Berenice Abbott

MIT Museum • Cambridge, MA • web.mit.edu/museum • Through December 31, 2012

Berenice Abbott, Interference Pattern, 1958-61
Berenice Abbott, Interference Pattern, 1958-61

Berenice Abbott’s photographs remind us just how much the belief in the veracity of the photograph has diminished. Somewhere in the last half-century it circled back on itself, referencing the act of picture-taking with its exaggeration and propensity for manipulation, invention, and storytelling. Abbott’s emphatic black-and-white photographs return us to the age when photography was valued as a form of evidence, documentation, and rapt description.
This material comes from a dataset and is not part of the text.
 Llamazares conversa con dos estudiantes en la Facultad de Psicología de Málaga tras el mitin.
This exhibition features Abbott’s photographs of scientific phenomena, a body of work made relatively late in her career and perhaps better known within the scientific than the art community. So it is particularly fitting that it opens the new Kurtz Gallery for Photography at the MIT Museum, where subject matter can be contextualized properly and the broad interdisciplinary approach of the institution brought to bear on a body of work that slips between objective record and pure abstraction and back again. Moreover, MIT is central to the story of how many of these photographs were produced at all.
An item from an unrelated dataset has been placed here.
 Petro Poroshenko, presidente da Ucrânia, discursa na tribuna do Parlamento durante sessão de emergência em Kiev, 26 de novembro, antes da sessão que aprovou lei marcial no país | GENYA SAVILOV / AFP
In 1939, Abbott wrote a manifesto of sorts about the intrinsic role of photography in elucidating the principles of science. It took nearly two decades before she found an outlet at MIT, where the newly formed Physical Sciences Study Committee (PSSC) employed her and gave her a space to work. When Abbott approached Doubleday about a book on her science photographs, the publisher put her in touch with E. B. Little at MIT. Little, a photography enthusiast himself, served on the PSSC committee, organized at MIT in 1956 to reform physics education in American high schools. Abbott made the trek to Cambridge in a snowstorm to meet with Little and pitch her idea, and was hired on the spot.

In 1958, with Russia’s Sputnik looming in America’s immediate memory, Abbott began intensive work to illustrate the principles of physics for a new generation. Her photographs, created in an MIT lab in Watertown and her New York studio, formed the basis of the Image of Physics textbook, brochures, lab guides, and films, and were subsequently seen in a national exhibition toured in the 1960s by the Smithsonian Traveling Exhibition Service (SITES). The current installation is drawn from the collection of Ronald A. Kurtz, a gift to the museum, and includes an original set of the thirty-two enlarged and mounted photographs that comprised the SITES exhibition, as well as Abbott’s early prints of scientific phenomena.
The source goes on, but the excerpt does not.